--- Problem ---
Within the entries below, find the portion that opens with the line containing "Used 2018 Toyota Camry SE image 11" and closes with the line containing "Плаття біле для дівчинки.". Retype that portion exactly and only.

--- Working data ---
Start of Block

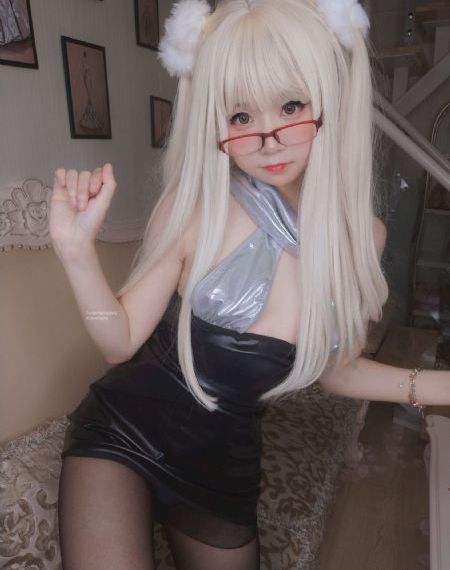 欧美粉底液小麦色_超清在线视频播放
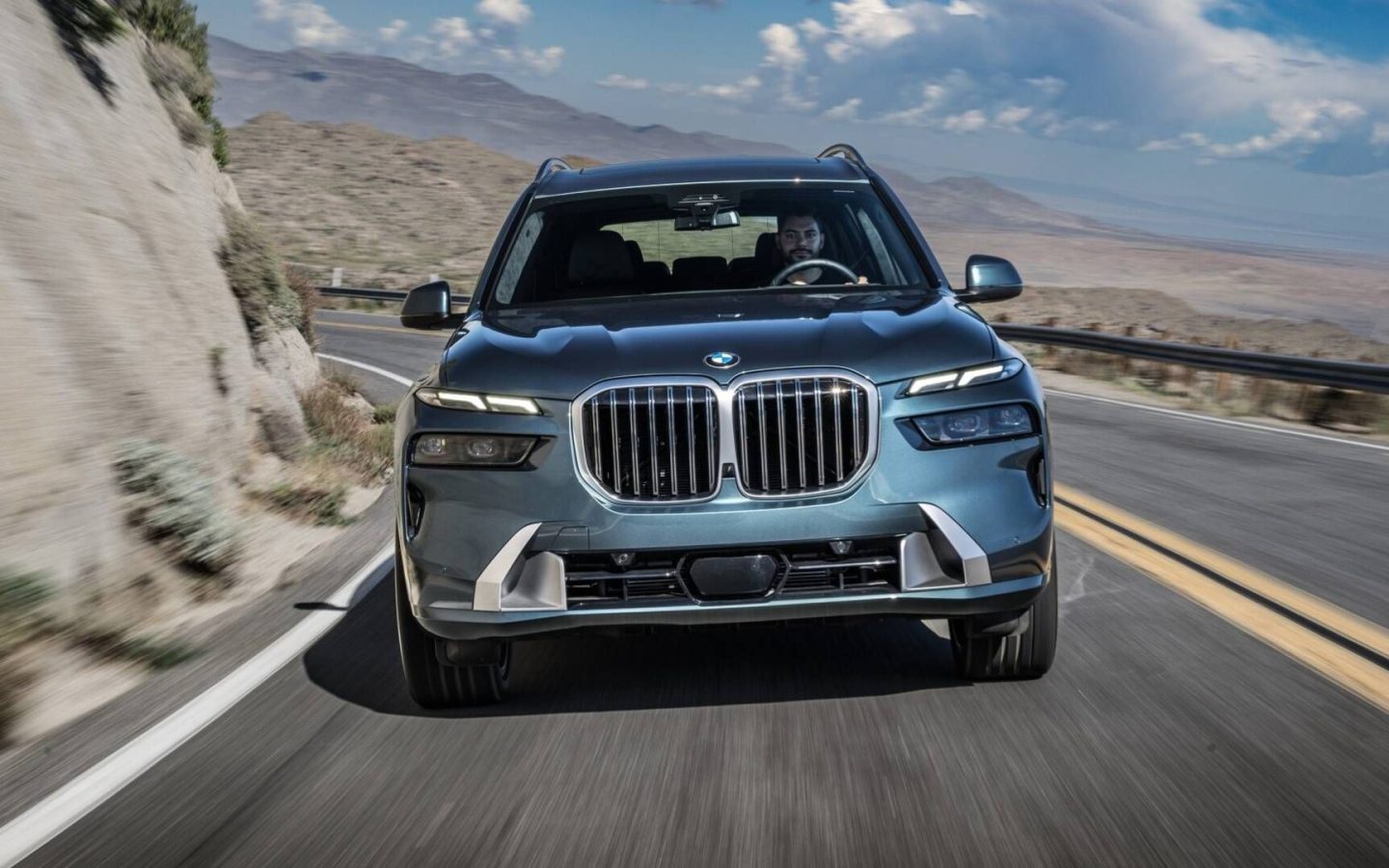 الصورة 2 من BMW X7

End of Block
Start of Block

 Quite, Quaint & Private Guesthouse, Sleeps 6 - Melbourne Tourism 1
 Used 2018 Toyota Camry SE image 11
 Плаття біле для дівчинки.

End of Block

--- Solution for this task ---
 Used 2018 Toyota Camry SE image 11
 Плаття біле для дівчинки.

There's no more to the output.